Da ich zu müde war fürs hochladen, wollt ich das eigentlich heut morgen machen. Also Rechner runtergefahren. Allerdings ist dann bei den Windows Updates meine Sicherung durchgebrannt und der Rechner war natürlich aus.
Wenn ich ihn jetzt wieder hochfahren will, bleibt der Monitor schwarz, anstatt das er mir die verschiedenen User Accounts zeigt. Die Maus ist auch sichtbar, genau wie der *Windows XP* Ladebildschirm davor.
Hat jemand evtl. eine Idee, was ich tun kann?
Sicherheitskopien hab ich mir noch keine gemacht, da der Rechner nichtmal eine Woche alt ist und ich bisher eigentlich nie größere Probleme hatte und gehofft hatte, ich könne die heute machen.



mfg,
flausch1990

Vielen lieben dank schonmal für jeden Rat.


edit:
evtl. wichtiges:
Hab XP
"Als letzte bekannte Konfiguration" führt mich auch nur zu einem schwarzen Bildschirm. Abgesicherter Modus genau das selbe.
CD Laufwerk startet zu dem Zeitpunkt noch nicht
Komme nur in BIOS - kenne mich aber leider mit Phoenix trusted core nicht aus.


----------



## Arosk (15. März 2011)

Mal versuchen im abgesicherten Modus zu booten, ggf. mit Windows CD.


----------



## flausch1990 (15. März 2011)

Geht leider auch nicht, der bildschirm ist genauso, nur das in den Ecken noch abgesicherter Modus steht.
War eine meiner ersten Ideen (eigentlich die einzige, neben allen Kabeln überprüfen).


----------



## Arosk (15. März 2011)

Dann Windows CD rein und Reparatur versuchen.


----------



## flausch1990 (15. März 2011)

Nagut, danke.
Dann werd ich morgen direkt mal zum used PC-Shop fahren und schauen,dass ich eine bekomme.


----------



## Malt (15. März 2011)

evtl. mal den Rechner in der letzten bekannten konfiguration hochfahren ? *weiter grübelt*


----------



## flausch1990 (15. März 2011)

Bleibt leider genau so.


----------



## flausch1990 (16. März 2011)

Arosk schrieb:


> Dann Windows CD rein und Reparatur versuchen.
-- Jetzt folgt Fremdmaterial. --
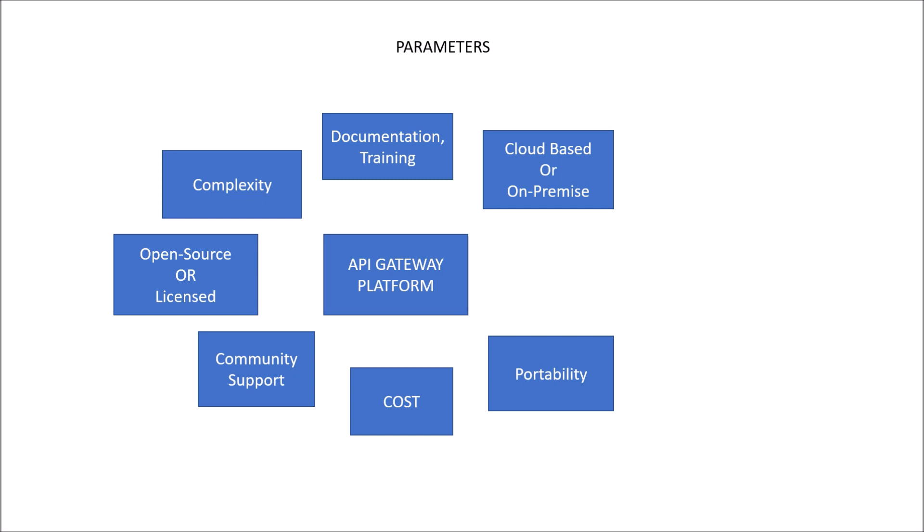Next parameter is portability. The portability means whether there is a vendor lock-in period or not. So if in future, if I am migrating from one API Gateway platform to another, what are the costs I would incur? Whether I should have any locking period for the current vendor or not? Is it easy to switch to another vendor or not? Or are my application or my APIs dependent on the current vendor or not? So these parameters we should need to consider in terms of the portability while choosing an API Gateway platform.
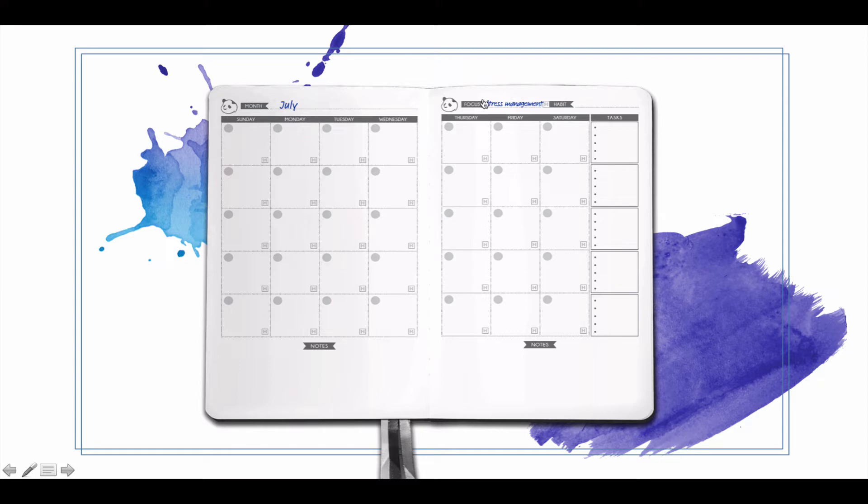What is your focus going to be for this month? This is something you can choose for an entire month and remind yourself of every day in the focus section, or you can have an overall focus for that month.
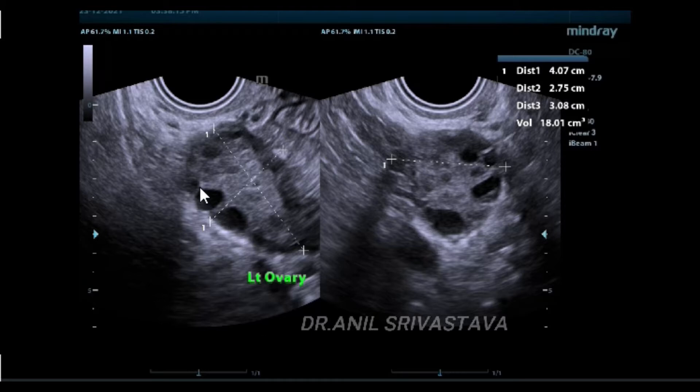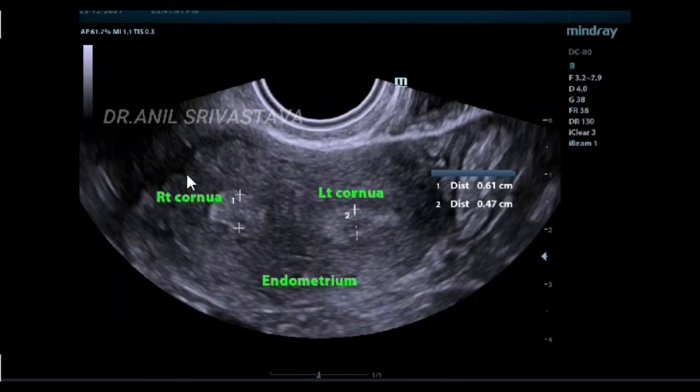This is the same LMP. This ovary is 18 cubic cc, having large follicles attached on the periphery — you can see them here.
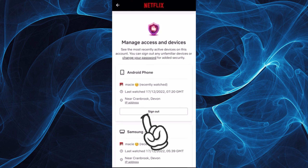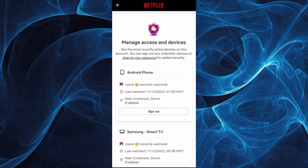And then in here, you'll be able to see the list of the access. You can manage that, and if you wish to delete or sign that device out, just tap Sign Out and you are good to go.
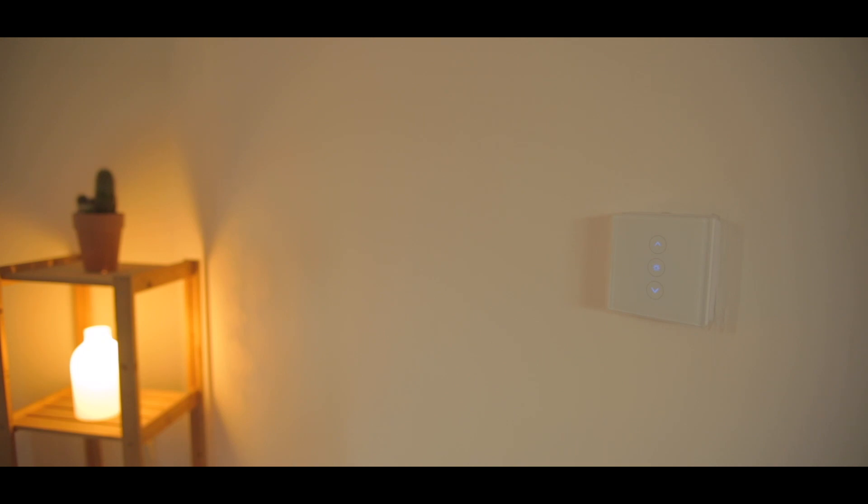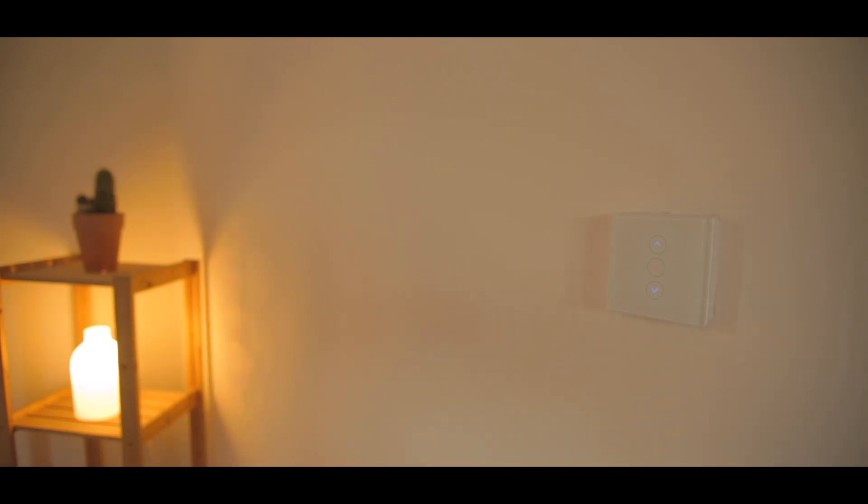The switch itself is not a complicated item at all. It requires a neutral connection, which is not uncommon for a light switch like this, and allows you to connect up to three bulbs simultaneously. The nice thing is that these bulbs don't need to be smart in and of themselves, they just need to be LED and not draw too much power, as is very often the case with these switches.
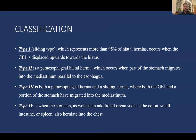Classification: Type 1 is the sliding type, representing more than 95% of cases, occurring when the gastroesophageal junction is displaced upwards through the hiatus. Type 2 is the paraesophageal hiatus hernia, where part of the stomach migrates into the mediastinum parallel to the esophagus. Type 3 involves both paraesophageal and sliding hernias, where both the G-junction and part of the stomach have migrated into the mediastinum. Type 4 is when the stomach as well as an additional organ such as the colon, small intestine, or spleen also herniate into the chest.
Hab ich probiert. Komm allerdings nur in Phoenix trusted sytems (BIOS) rein...
Der Startet die CD überhaupt nicht.
Und mit Phoenix kenn ich mich leider überhaupt nicht aus.


----------



## Rikkui (16. März 2011)

Ich nehm an du hast windows 7? drück ma beim hochfahren f8 da solltest dann mehrere optionen auswählen können die erste is glaub reparatur.
Ansonsten kannst glaub auch "als letzte bekannte konfiguration" wählen sollte normalerweise auch helfen
Als letzten möglichkeit was ich noch kenn is das du mit cmd startest und dort dann sfc /scannow eingibst


----------



## flausch1990 (16. März 2011)

Wie oben steht, hab ich XP ;-)
Werds gleich nochmal dicker unterstreichen.
CD starter der PC zu demZeitpunkt noch nicht, und die einzige Möglichkeit, die ich noch habe, ist BIOS. Wobei ich von dem Phoenix keine Ahnung hab.
"Als letzte bekannte Konfiguration" bringt mich leider zu genau dem selben Bildschirm.


----------



## Arosk (16. März 2011)

F8 drücken beim Booten, oder im BIOS die Boot Priorität umstellen, damit er das Laufwerk als erstes versucht zu booten (sollte aber standardmäßig schon so sein)


----------



## Rikkui (16. März 2011)

Dein Rechner ist keine Woche alt und hast XP? Oo
Wer vk sowas?^^


----------



## flausch1990 (16. März 2011)

Used PC Shop in Wiesbaden


----------



## Rikkui (16. März 2011)

"used pc shop" Benutzte PC's shop?^^


----------



## flausch1990 (16. März 2011)

Genau.
Aber außer dem Gehäuse ist eigentlich alles neu. Gehäuse ist das Standard Ding von Esprimo, das man in fast jedem Klassenzimmer/Burö findet. XP ist da nur drauf, weil das ein Geburtstagsgeschenk meines Vaters war. Der ist zu eizig für Vista oder 7. 


Edit1:
Gibt neues:
Hab die CD zum laufen bekommen!
Jetzt würd ich gern ganz normal die Rapair laufen lassen. Hängt auch nichtmehr am Administrator Passwort.
Allerdings gibt mir die Installation dann an "D:Windows" und dann die Konsole... ich weiß den Pfad allerdings nicht, da der Rechner zu neu dafür war.
Gibt es evtl. eine Möglichkeit, den Pfad jetzt noch zu finden? Oder weiß den evtl. sogar jemand? Hab noch nichts verstellt, müsste also theoretisch noch der original Pfad sein.

Edit2:
Oder soll ich einfach neu installieren? Gibt's da die Möglichkeit, dass die alten Daten (soweit möglich ALLE) erhalten bleiben? Kenn mich mit XP leider überhaupt nicht aus. Als das raus kam, war das noch die Zeit als ich das meinen alten Herrn immer hab machen lassen.

Edit3:
Okay, das mit fixboot und fixmbr hab ich hinbekommen, geklappt hats aber leider nicht. Ist noch genauso wie vorher.


----------



## flausch1990 (16. März 2011)

Edit: Sry fürDoppelpost, habs mal in den vorherigen gepackt.


----------